Entries taken from a collection
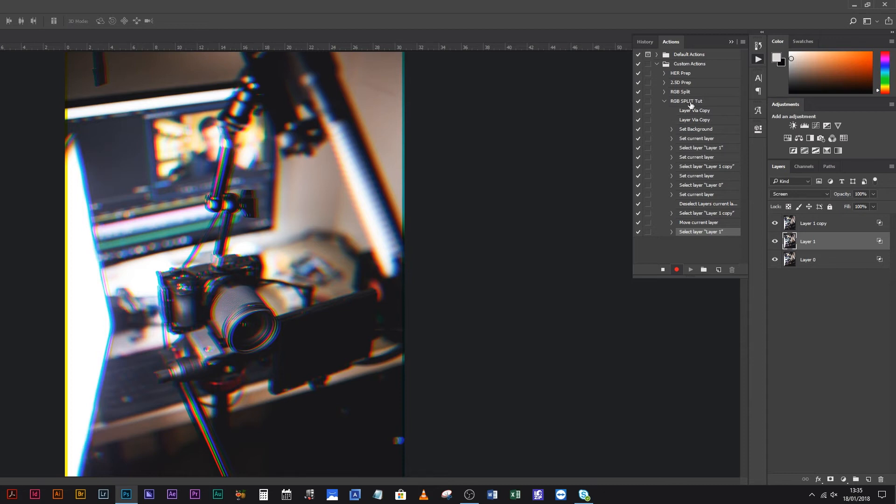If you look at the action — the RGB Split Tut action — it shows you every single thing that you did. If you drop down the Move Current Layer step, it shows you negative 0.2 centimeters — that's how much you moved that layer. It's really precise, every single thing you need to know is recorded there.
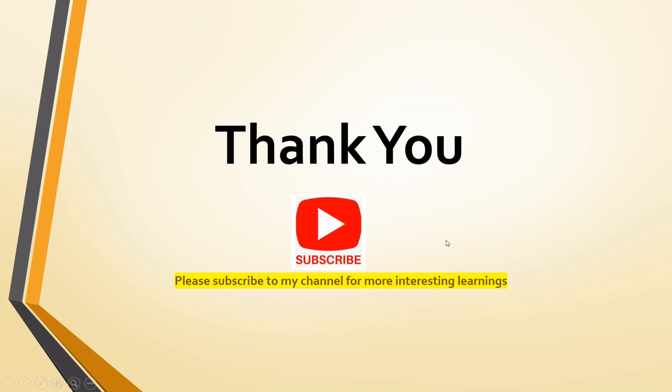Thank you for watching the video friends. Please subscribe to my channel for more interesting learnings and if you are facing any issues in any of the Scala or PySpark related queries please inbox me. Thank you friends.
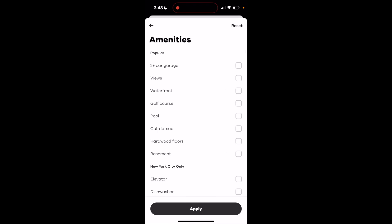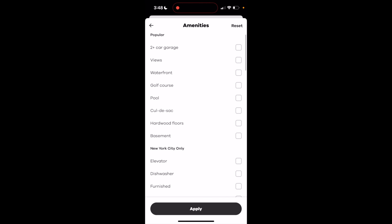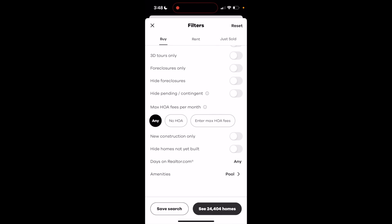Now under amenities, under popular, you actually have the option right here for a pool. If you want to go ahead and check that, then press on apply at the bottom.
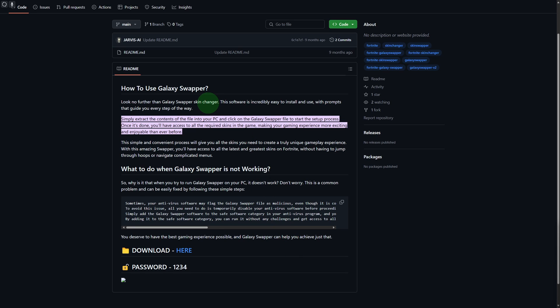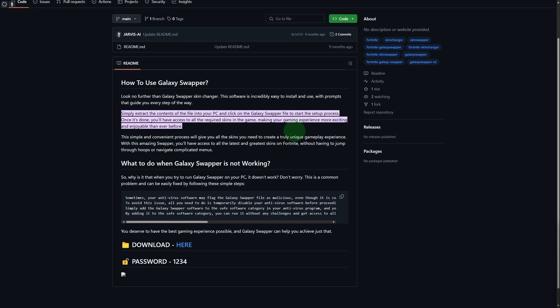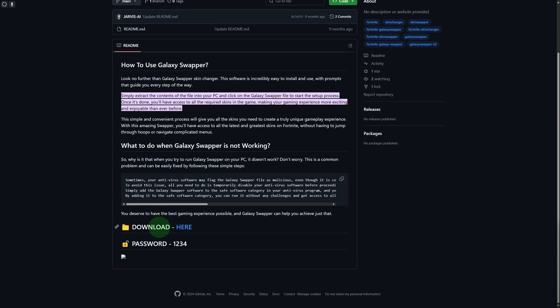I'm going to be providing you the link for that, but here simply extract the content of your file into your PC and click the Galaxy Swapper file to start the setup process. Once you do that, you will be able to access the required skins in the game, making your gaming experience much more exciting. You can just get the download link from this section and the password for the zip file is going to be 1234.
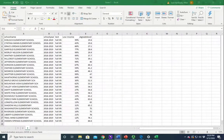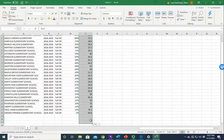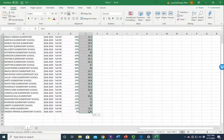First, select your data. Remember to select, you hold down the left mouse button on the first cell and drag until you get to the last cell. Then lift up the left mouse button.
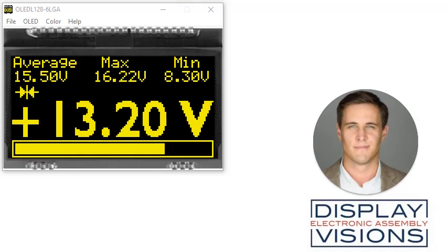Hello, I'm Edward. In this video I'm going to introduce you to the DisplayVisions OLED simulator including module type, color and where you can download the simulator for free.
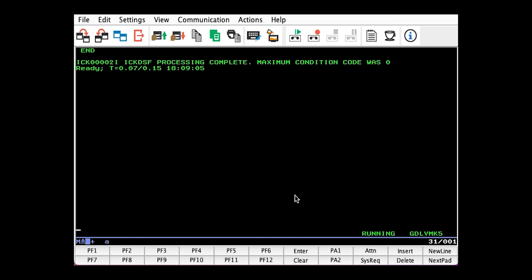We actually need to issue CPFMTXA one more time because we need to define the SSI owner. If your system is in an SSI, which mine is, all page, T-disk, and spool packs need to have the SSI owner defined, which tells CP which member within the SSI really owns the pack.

What the task asks:
Taking the entries above, extract every line from the one bearing "I'm going to be" through the one bearing "Hello, I'm Edward.", exactly, with no pictures.

Task answer:
I'm going to be providing you the link for that, but here simply extract the content of your file into your PC and click the Galaxy Swapper file to start the setup process. Once you do that, you will be able to access the required skins in the game, making your gaming experience much more exciting. You can just get the download link from this section and the password for the zip file is going to be 1234.
First, select your data. Remember to select, you hold down the left mouse button on the first cell and drag until you get to the last cell. Then lift up the left mouse button.
Hello, I'm Edward. In this video I'm going to introduce you to the DisplayVisions OLED simulator including module type, color and where you can download the simulator for free.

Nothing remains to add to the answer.